Les microbes intestinaux pourraient avoir piloté l’évolution du cerveau humain, selon une étude

0
12

À retenir : De nouvelles recherches suggèrent que le microbiome intestinal a joué un rôle essentiel dans l’évolution des cerveaux plus gros chez les primates, y compris les humains, en influençant le métabolisme cérébral et en contribuant potentiellement aux troubles du développement neurologique.

Le lien entre les bactéries intestinales et la taille du cerveau

Pendant des décennies, les scientifiques se sont demandé pourquoi les humains possèdent un cerveau d’une taille disproportionnée par rapport aux autres primates. Cela nécessite une énergie immense, en particulier du glucose, ce qui incite les chercheurs à rechercher si des changements dans le microbiome intestinal auraient pu soutenir ce saut évolutif. Une étude récente publiée dans Proceedings of the National Academy of Sciences fournit des preuves irréfutables que les bactéries intestinales peuvent influencer directement le fonctionnement cérébral et l’expression des gènes.

L’étude a utilisé des souris sans germes, dépourvues de leurs propres microbes intestinaux, pour tester l’hypothèse. Les chercheurs ont transplanté des bactéries intestinales de trois espèces de primates – les humains, les singes écureuils (gros cerveaux) et les macaques (petits cerveaux) – chez des souris. En quelques semaines, des différences significatives sont apparues dans l’expression des gènes cérébraux. Les souris colonisées par des microbes intestinaux humains ou écureuils ont montré une activité accrue dans les gènes liés à la production d’énergie et à la plasticité synaptique, qui est la capacité du cerveau à apprendre. À l’inverse, les souris porteuses de microbes intestinaux de macaques ont montré moins d’activité dans ces mêmes processus.

Imitant le cerveau de primates chez la souris

La découverte la plus frappante était que les modèles d’expression des gènes cérébraux chez la souris reflétaient étroitement ceux observés chez les espèces de primates réelles. Selon Katie Amato, chercheuse à l’Université Northwestern, “nous avons réussi à faire ressembler le cerveau des souris à celui des primates dont proviennent les microbes”. Cela suggère un lien de causalité direct entre la composition du microbiome intestinal et le développement du cerveau.

Il ne s’agit pas seulement de plus gros cerveaux. Les chercheurs ont également découvert que les souris porteuses de microbes primates à cerveau plus petit présentaient des modèles d’expression génique associés à des troubles du développement neurologique, notamment le TDAH, la schizophrénie, le trouble bipolaire et l’autisme.

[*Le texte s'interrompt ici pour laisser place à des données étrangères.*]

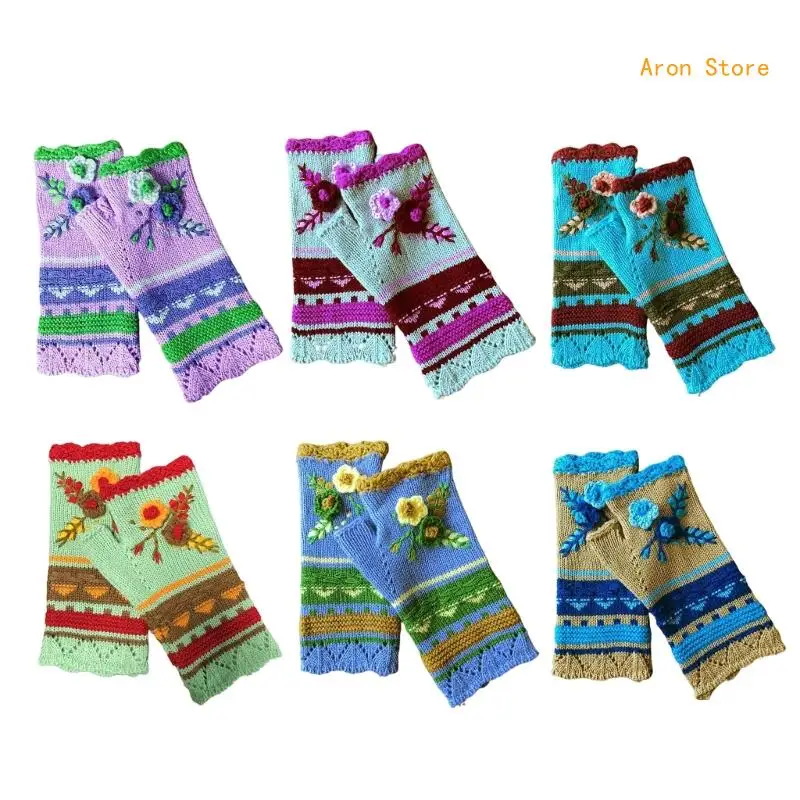 Women's Knitted Fingerless Gloves with Embroidery, Soft Winter Wrist Warmer H3CF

Bien qu’une corrélation entre la santé intestinale et ces affections ait déjà été observée, cette étude suggère que le microbiome pourrait contribuer causalement à leur développement.

Implications pour la santé humaine et l’évolution

Cette recherche a des implications significatives pour notre compréhension de l’évolution humaine. Si les besoins énergétiques du cerveau humain étaient satisfaits, en partie, grâce à des adaptations microbiennes intestinales, cela signifie que les premiers humains auraient pu compter sur des communautés microbiennes spécifiques pour soutenir leur développement cognitif. Si un cerveau humain ne rencontre pas les « bons » microbes au début de sa vie, son développement pourrait être altéré, augmentant potentiellement le risque de troubles du développement neurologique.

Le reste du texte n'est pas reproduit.